Diana Wynne Jones writes a lot of portal fantasy. She grabs children from our world and time and drags them into some other fantastical world, where they are forced to save themselves by doing some magic or starting a revolution or saving Time.
Everard’s Ride is one of these, although a lesser-known Diana Wynne Jones novella. It often feels like a much older book than it is, and it reminds me very much of The Perilous Gard by Elizabeth Marie Pope (1974), which does a beautiful mix of historical fiction, Faerie, and intense claustrophobia. Everard’s Ride is vaguely historical, vaguely Faerie, and all of the characters are extremely trapped, whether it’s physical imprisonment, class differences, or something else that is limiting their autonomy.
Everard’s Ride feels like even more of a throwback to portal fantasy like Alice’s Adventures in Wonderland, because the kids are from Victorian England rather than our own time, and the rules are sometimes confusing (rather than systematically laid out as in current portal fantasy). When they go to the island, where are they? WHEN are they? What exactly keeps people from going back and forth? Why is harming Outsiders so taboo?
Additionally, many of DWJ’s most-used tropes aren’t present. For example, the weirdest part for me is the lack of a terrifying matriarch (whether good or evil). The closest we get is the mother of our outlaw hero Robert, and although she is a Countess, she is trapped more than any of the other characters. The timeline (TIME ZONES) can be tricky to figure out, but not anywhere close to the thorny tangle of, say, Hexwood.

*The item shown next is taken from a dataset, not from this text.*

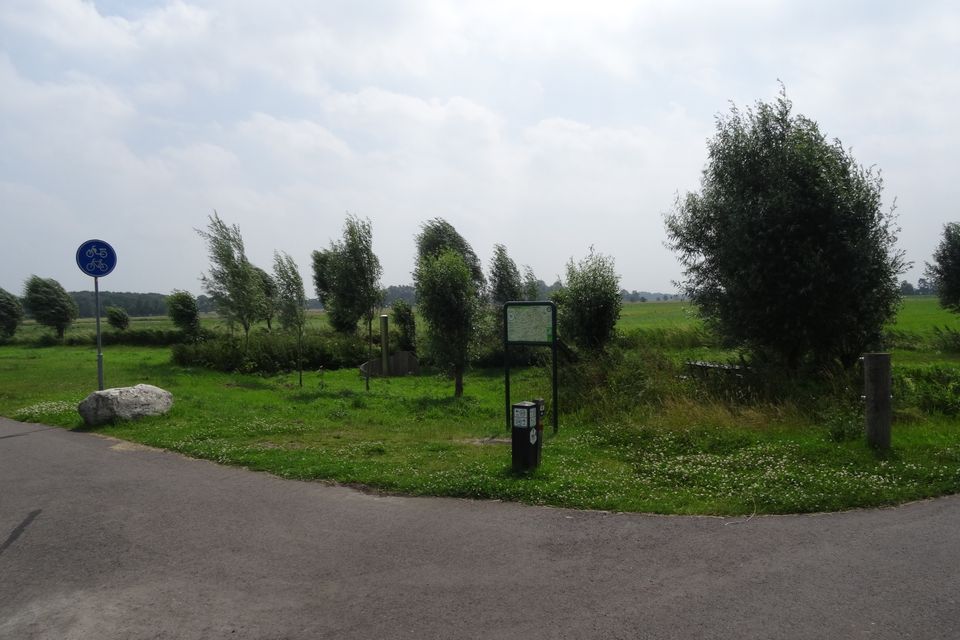 Een fietsknooppunt met knooppuntenbord en paaltjes.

This novella is one of Diana’s darker stories, too, with a lot of blood shed before it’s through. Most of the characters who suffer the most in this book don’t deserve it (although the villains certainly get their comeuppance), and while injustice is a very common theme in DWJ, it is more brutal in this story than some of her others. Honor/dishonor is the big binary between the villains and heroes here, but it takes some time to figure out who is behaving with honor, because SURPRISE motivations are complicated. it takes a while for the heroes to find each other and connect, because of the lens each of them is bringing to bear on the situation, and none of them have the full vision of what’s going on.
Not to worry, there is still plenty to keep us entertained in spite of the darker bits. Both the children from England and the children from the island are likable, empathetic characters, and the suspense over their fates is well-paced. There’s a romance, and a bromance, and Hugo Arbard’s subplot in this book is the perfect mix of hilarity, horror, and relief that Diana does so well.
This was my second time reading Everard’s Ride, and while it isn’t as classically Diana as some, it didn’t let me down and is a really fun ride in its own right.